Shadowvision: “THE WICKER MAN” (1973)Columns,Fearful Features,Movies/TV,News Ken W. Hanley
Welcome to Shadowvision, a regular column in which Fangoria.com revisits modern horror films in black and white. The purpose is to analyze these films through a new lens, seeing if the classically informed viewing experience will give a new angle to familiar images. If you’d like to watch along at home, it’s simple: go into your TV settings and desaturate the picture completely, then adjust the contrast and brightness to fit either standard or high definition.
As this column has soldiered on throughout the year, I’ve turned my attention to more colorful titles for re-examination. After all, as great as it is to choose films that are suited for black-and-white, sometimes it’s a more fascinating venture to roll the dice. To that point, by removing color from a film so dependent on that element, the viewer has the opportunity to see the film in an entirely new light.
It’s this reason exactly why I’ve revisited THE WICKER MAN (1973), a festive cult classic so atmospherically reliant on its unique and surreal color palette, in black-and-white. After all, the subtle chills and the foreboding hints at its shocking end are often reliant on the various colorful flourishes in the art design. Most importantly, THE WICKER MAN has a very unique composition, crafted between the age of grandiose classics and quieter contemporary horror.

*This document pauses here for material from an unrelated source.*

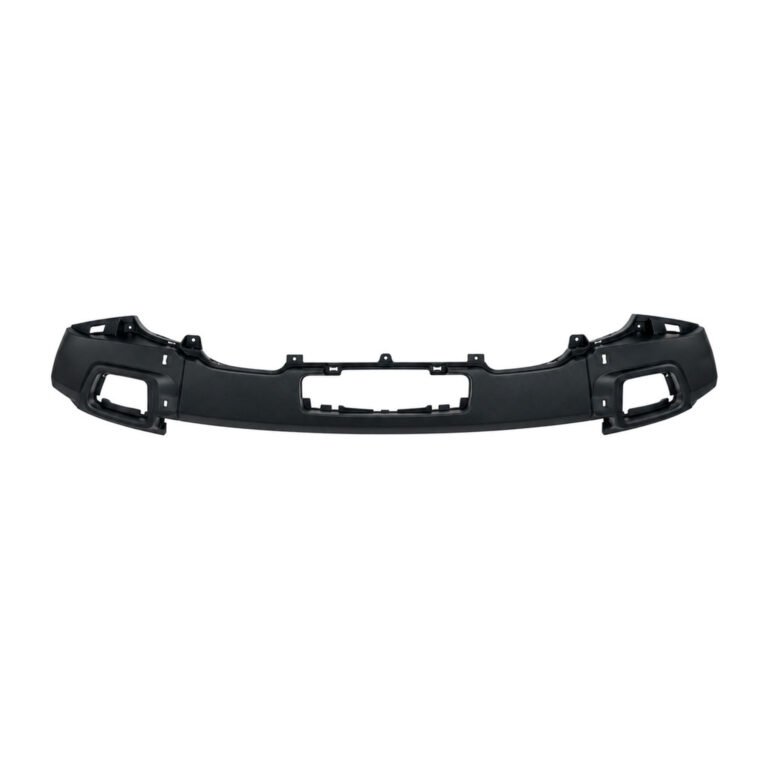 6Q6 807 521 B VW POLO'02 / POLO'08 Rear Bumper Lower Section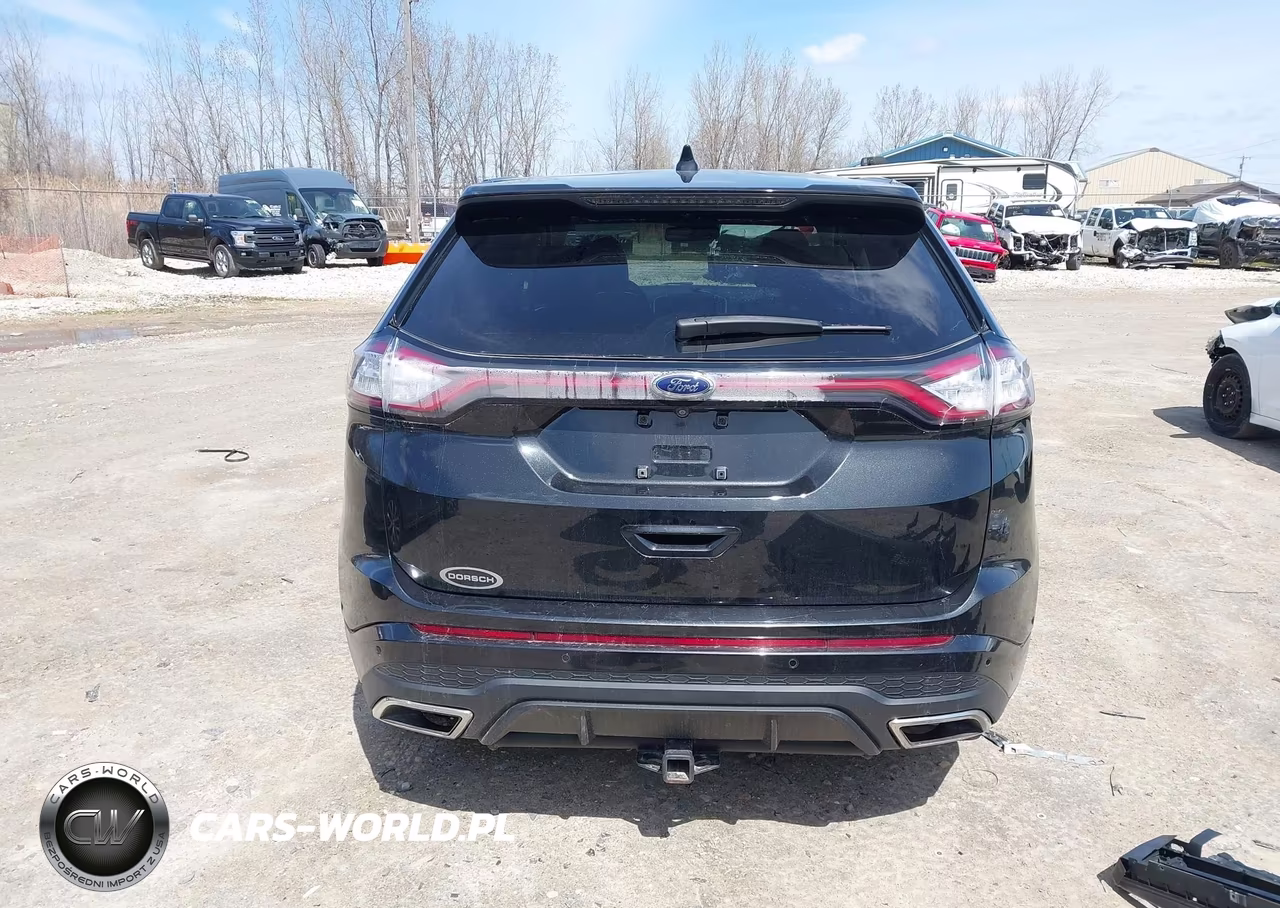2015 Ford Edge Sport VIN:2FMTK4AP5FBB55009 - 17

On the technical side of things, THE WICKER MAN is best approached with minor changes. Considering much of the film takes place outside or with incredibly soft lighting, there only needs to be small adjustments to the contrast. Likewise, your default brightness needs virtually no change, although standard definition televisions may need it increases slightly to compensate for the few night sequences.
As expected, the black-and-white version of THE WICKER MAN carries a much different experience. Visually, it feels much closer to its European horror brethren in black-and-white, as if it was a more jovial and less surreal version of Roman Polanski’s REPULSION. And in terms of the horror, THE WICKER MAN does feel a bit scarier, as the foreboding nature of Summerisle’s citizens is much more apparent, especially once your focus turns to their physical mannerisms as opposed to their vibrant garb.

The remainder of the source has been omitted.